Speech corpus of Armenian question-answer dialogues

This is a corpus of elicited controlled speech. The stimuli was a sequence of dialogues with intermittent fillers. This repository is for only the stimuli. The stimuli was designed to elicit intonation patterns for questions and answers in two Armenian dialects: Western Armenian (WA) and Eastern Armenian (EA). The recordings can be used for topics like intonation prosody, forced alignment, or ASR (Automatic Speech Recognition).

The dataset is is open-access at 8,852 dialogues, consisting of 23,711 utterances (individual sound files), for a total of 2.7GB and 8.5hrs. Each utterance has a sound file, a Praat TextGrid (with full linguistic annotation), and text file that has orthographic forms for easier ASR uses. Pronunciation dictionaries are provided for ASR or forced alignment purposes as well. We genereted a forced alignment for these recordings using a cross-language alignment thanks to Interlingual-MFA. See the Alignments folder.

If you use the data in any way, please cite us as:

Chakmakjian, Samuel and Hossep Dolatian. 2022. Speech corpus of Armenian question-answer dialogues.

Stimuli design

Overview

A dialogue is made up of at least a question (Q) and an answer (A). Some dialogues include an interjection (I) and a negated verb (N). We call all these elements (Q, A, I, N) utterances.

The question and answer were SOV sentences. The dialogues were of three types, each with a different position of focus. Focus was either on the subject, object, or verb. Dialogues also varied in the choice of the object word. The object word could have either final stress, penultimate stress, or initial stress.

File utterance-metadata (in Excel and TSV versions) has metadata on the conditions for each recorded utterance.

Dialogue types and focus type

The following is the template for the dialogues. The actual recordings vary in the TARGET word for the object. Note that for Western Armenian, our speakers were from Syria. They usually didn’t aspirate.

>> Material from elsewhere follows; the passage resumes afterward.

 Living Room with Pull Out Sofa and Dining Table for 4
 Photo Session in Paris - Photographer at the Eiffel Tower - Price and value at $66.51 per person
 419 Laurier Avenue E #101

Type		Subject focus dialogue
Question	IPA (WA)	ov	TARGET	əsɑv
	IPA (EA)	ov	TARGET	ɑsɑt͡sʰ
	Gloss	who	TARGET	said
	Translation	Who said TARGET?
	Orthography	Ո՞վ «TARGET» ըսաւ/ասաց։
Answer	IPA (WA)	mɑɾjɑmə	TARGET	əsɑv
	IPA (EA)	mɑɾjɑmə	TARGET	ɑsɑt͡sʰ
	Gloss	Mariam	TARGET	said
	Translation	Mariam said TARGET.
	Orthography	Մարիամը «TARGET» ըսաւ/ասաց։

Type		Object focus dialogue
Question	IPA (WA)	mɑɾjɑmə	int͡ʃ	əsɑv
	IPA (EA)	mɑɾjɑmə	int͡ʃʰ	ɑsɑt͡sʰ
	Gloss	Mariam	what	said
	Translation	What did Mariam say?
	Orthography	Մարիամը ի՞նչ ըսաւ/ասաց։
Answer	IPA (WA)	mɑɾjɑmə	TARGET	əsɑv
	IPA (EA)	mɑɾjɑmə	TARGET	ɑsɑt͡sʰ
	Gloss	Mariam	TARGET	said
	Translation	Mariam said TARGET.
	Orthography	Մարիամը «TARGET» ըսաւ/ասաց։

Type		Verb focus dialogue
Question	IPA (WA)	mɑɾjɑmə	TARGET	ɡɑɾtɑt͡s
	IPA (EA)	mɑɾjɑmə	TARGET	kɑɾtʰɑt͡sʰ
	Gloss	Mariam	TARGET	read
	Translation	Did Mariam read TARGET?
	Orthography	Մարիամը «TARGET» կարդա՞ց։
Interjection	IPA (WA)	vot͡ʃ
	IPA (EA)	vot͡ʃʰ
	Gloss	no
	Translation	No
	Orthography	Ոչ
Answer	IPA (WA)	mɑɾjɑmə	TARGET	əsɑv
	IPA (EA)	mɑɾjɑmə	TARGET	ɑsɑt͡sʰ
	Gloss	Mariam	TARGET	said
	Translation	Mariam said TARGET.
	Orthography	Մարիամը «TARGET» ըսաւ/ասաց
Negation	IPA (WA)	t͡ʃəɡɑɾtɑt͡s
	IPA (EA)	t͡ʃʰəkɑɾtʰɑt͡sʰ
	Gloss	not.read
	Translation	She didn't read.
	Orthography	չկարդաց։

In the typical case, each type of question and answer sentence had its own special intonational contour, summarized in the following table.

Focus type	Utterance
	Question (q)	Answer (a)
Subject focus (tS)	Pitch-rise on subject Post-focal deaccenting Final rise (WA) Final fall (EA)	Pitch-rise on subject Post-focal deaccenting Final fall
Object focus (tO)	Pitch-rise on object Post-focal deaccenting Final rise (WA) Final fall (EA)	Pitch-rise on object Post-focal deaccenting Final fall
Verb focus (tV)	Pitch-rise on verb = final rise Optional pre-focal deaccenting	Optional pitch-rise on verb Final fall

Stress type of target word

The TARGET word varies in its stress location. It has one of the following conditions.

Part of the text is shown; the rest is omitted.